|Princess Dana Firas of Jordan (center), who also serves as president of Petra National Trust (PNT) and Dima Tabbarah, a manager of PNT, speaks during Herald Design Premium Talk 2018 in Seoul on Friday. (Park Hyun-koo/The Korea Herald)|
“To incorporate cultural heritage into education, our goal is to empower and inspire the young generation to appreciate heritage site preservation and support research and projects, in a place where the community went through regional conflicts like civil wars and issues with refugees,” Dana said.
She added that the PNT’s youth education programs allow young people to learn about the diverse history of the many peoples who have made Petra their home.
According to PNT, the ancient Nabataean city of Petra in southern Jordan is threatened by erosion, seismic damage, pollution, environmental degradation, and pressures from international tourism.
The World Monument Fund has regularly listed Petra, a UNESCO World Heritage Site, as one of the 100 most endangered sites in the world. The International Union for the Conservation of Nature estimates that 50 percent of the animal species in Petra are threatened.
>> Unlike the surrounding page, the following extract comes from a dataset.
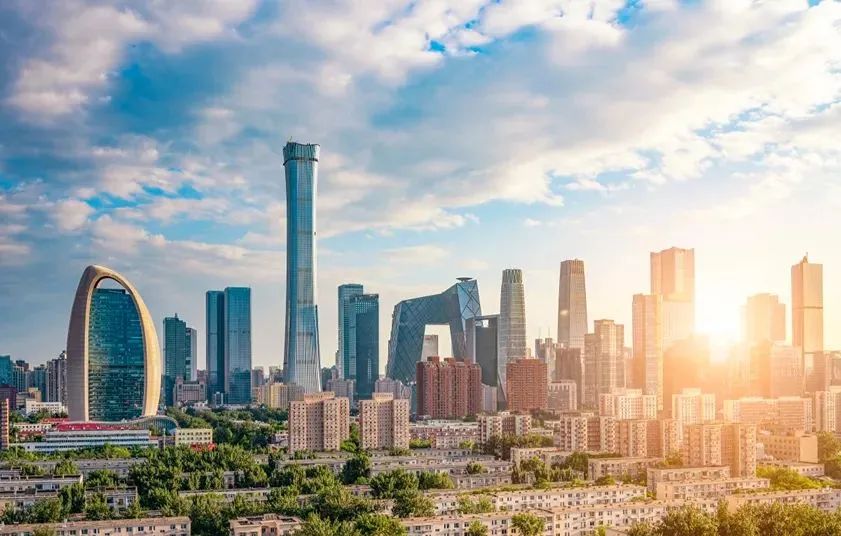 1733984994415701.jpg 微信图片_20241212142937.jpg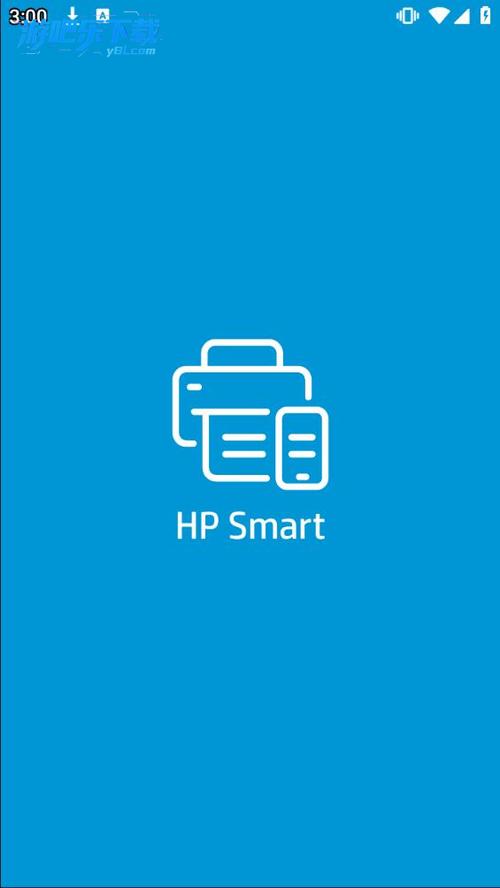 HP(破解免费版)网站下载缩略图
“We also work with national and international organizations and governments for effective policies and management practices. Increasing awareness of the threats facing Petra and working to enhance visitor enjoyment in Petra is another mission,” she said.
Another pillar of the PNT’s major projects is restoration.
Supporting Petra means supporting the many restoration efforts necessary to ensure that vital historical and archeological artifacts remain intact for visitors and researchers, said Dima Tabbarah, a manager of PNT.
“We need to put collective effort to revitalize the soul of cultural heritage. To celebrate art, culture, sculptures and to really appreciate the value that would remain for future generations,” Dana said.